TASK INSTRUCTIONS: Exclude the pictures. Transcribe exactly, and only, the lines from the one holding "Design armchair, metal" to the end of the material below.

GIVEN DATA:
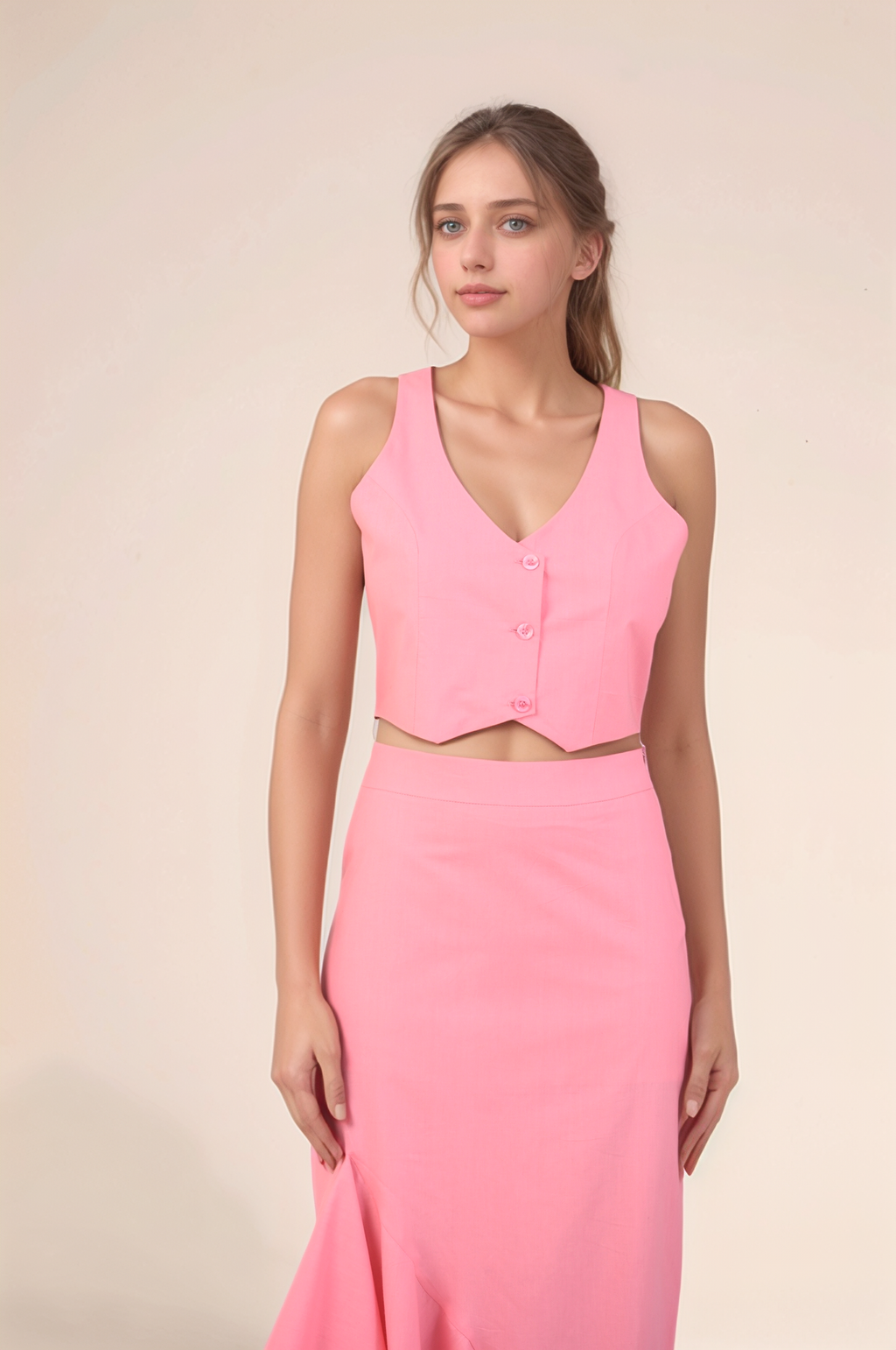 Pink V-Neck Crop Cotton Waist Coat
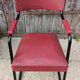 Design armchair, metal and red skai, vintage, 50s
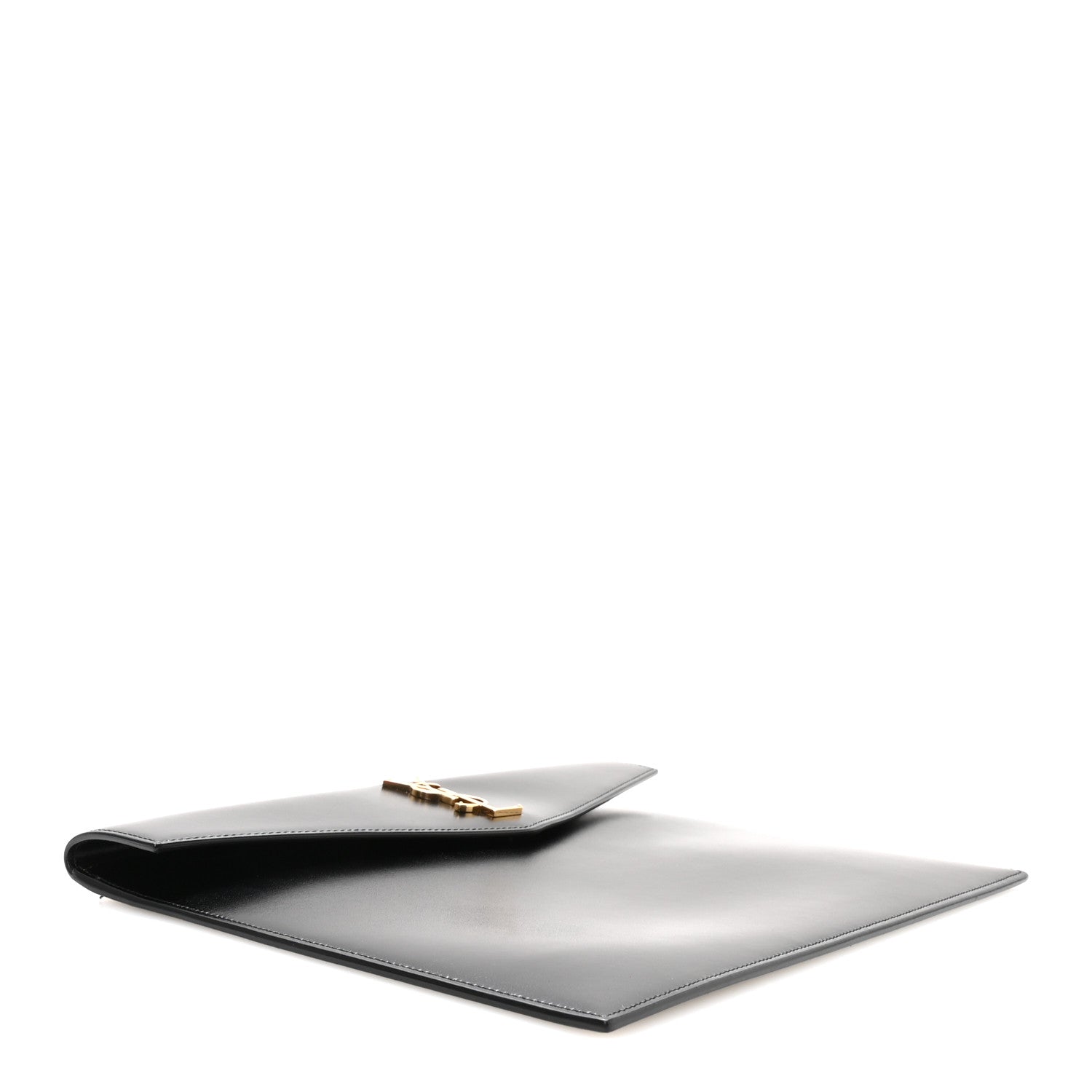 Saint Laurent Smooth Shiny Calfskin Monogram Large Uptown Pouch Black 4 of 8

THE COMPLETED TASK:
 Design armchair, metal and red skai, vintage, 50s
 Saint Laurent Smooth Shiny Calfskin Monogram Large Uptown Pouch Black 4 of 8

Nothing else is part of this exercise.